Ich hab in diesem Jahr auch im Urlaub meine Fitnessroutine nicht unterbrechen wollen. Das klingt sportlicher, als es ist. Aber nach meiner Lungenembolie im März habe ich mir regelmäßiges Bücken, Heben, Strecken und Keuchen verordnet. Und deswegen habe ich beim örtlichen Fitnessstudio mit dem wunderbaren Namen „Aktiv Club“ nachgefragt, ob ich für drei Wochen mittrainieren darf. In Köln hätte ich für so einen Wunsch wahrscheinlich eine automatische Antwort-Mail bekommen: „Ihre Anfrage wurde zur weiteren Bearbeitung an unser Kundencenter weitergeleitet.“ Im Aktiv-Club hat man einfach gesagt: „Ja klar. Komm rein.“ Was soll ich sagen? Ich war gerührt. Torsten führt sein Studio schon seit 40 Jahren. Es ist nicht durchgestylt, sondern wie man etwas altmodisch sagt: mit Liebe eingerichtet. Keine LED-Wände, keine Influencer mit Ganzkörper-Tätowierung und Proteinshakes. Und die meisten Menschen, die dort schwitzen sind – sagen wir’s offen – nicht mehr 25. Eher Ü 60. Und der Club? Hat das nicht als Problem gesehen, sondern als Programm. Die Geräte sind angepasst, das Tempo auch. Es gibt sogar einen Treppenlift zum Wellnessbereich im Untergeschoss. Niemand schreit dich an, du sollst noch drei Wiederholungen für dein inneres Tier raushauen. Stattdessen: Gespräche am Tresen. Sanfte Dehnübungen. Ein bisschen Rücken, ein bisschen Seele. Das Ganze hat nicht wie eine Muckibude gewirkt, sondern wie ein Treffpunkt. Die Menschen haben trainiert, ja. Aber sie haben auch miteinander geredet, über Beinpressen und Rumpfbeugen hinweg. Über ihre Enkel, über ihre Gelenke, über das Schützenfest, über die Brombeerernte und über das Wetter. Das auch früher schon Mist war.

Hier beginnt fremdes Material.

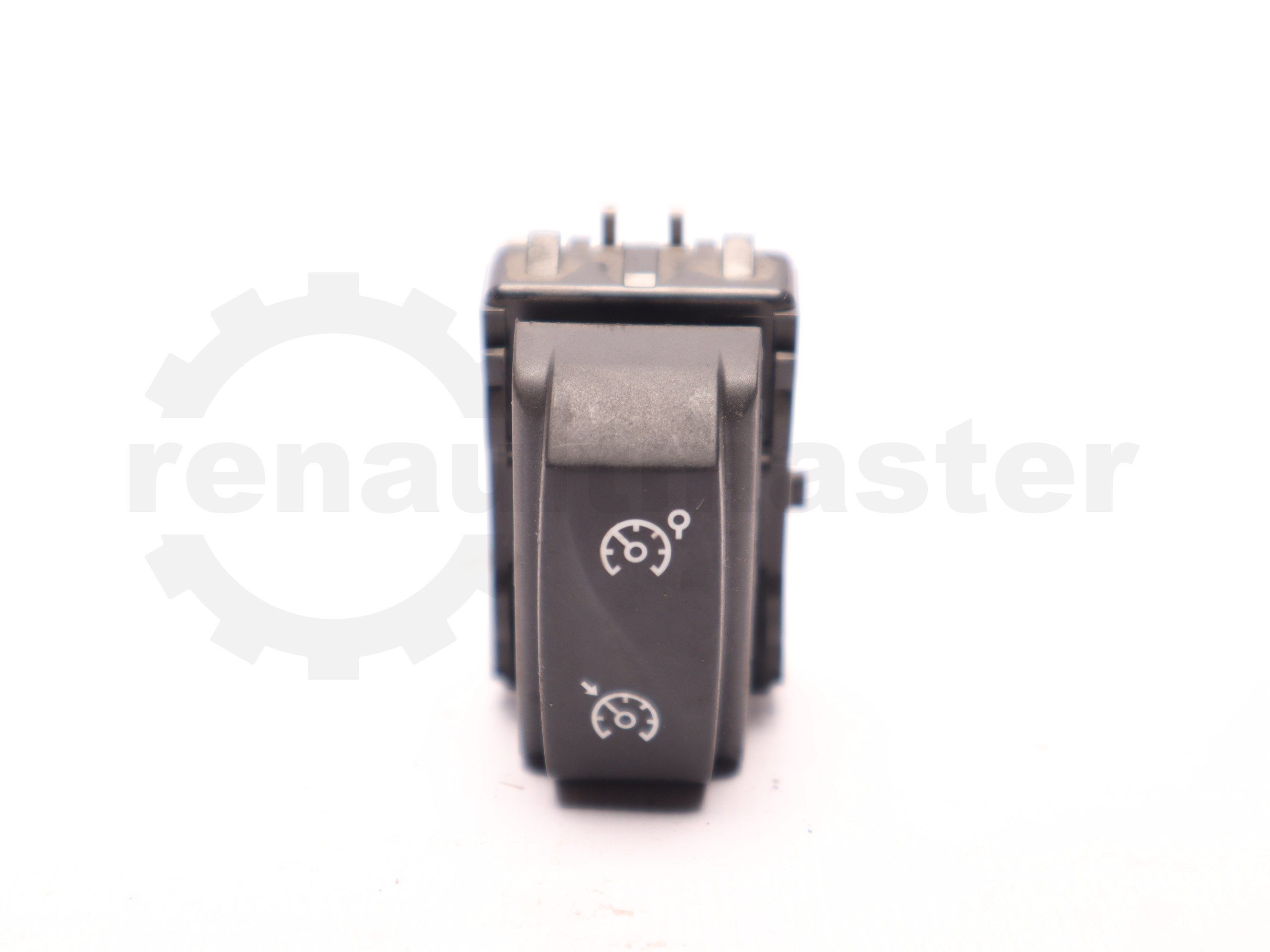 Кнопка ввімкнення/вимкнення круіз контролю  Renault Master/Trafic (Opel Movano/Vivaro, Nissan NV400/NV300) 2010 -, 255500008R Б/В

Ich hab gedacht: Eigentlich ist das hier fast schon ein Gemeindehaus. Menschen kommen zusammen, teilen Zeit, achten auf sich – und auch ein bisschen aufeinander. In der Bibel steht irgendwo, dass man die Gastfreundschaft nicht vergessen soll. Dort heißt es: „Denn dadurch haben einige ohne ihr Wissen Engel beherbergt.“ Ich will jetzt nicht übertreiben, aber im Aktiv-Club im Westerwald ist es ein bisschen so. Dort tragen die Engel Jogginganzüge und haben Arthrose. Aber sie sind da. Und das ist das Wichtigste.
Was mir fehlt in dieser Welt – abgesehen von einer Steuererklärung, die ich ohne Youtube-Tutorial verstehe – sind Orte wie dieser. Orte, die sagen: Du bist willkommen. Du musst nicht schneller, schöner oder effizienter werden. Es reicht, wenn du da bist. Ich bin Torsten und seiner Frau vom „Aktiv-Club“ jedenfalls dankbar. Der Muskelkater geht vorbei. Die Erinnerung an diesen guten Ort bleibt. Nicht nur an diesem Montagmorgen.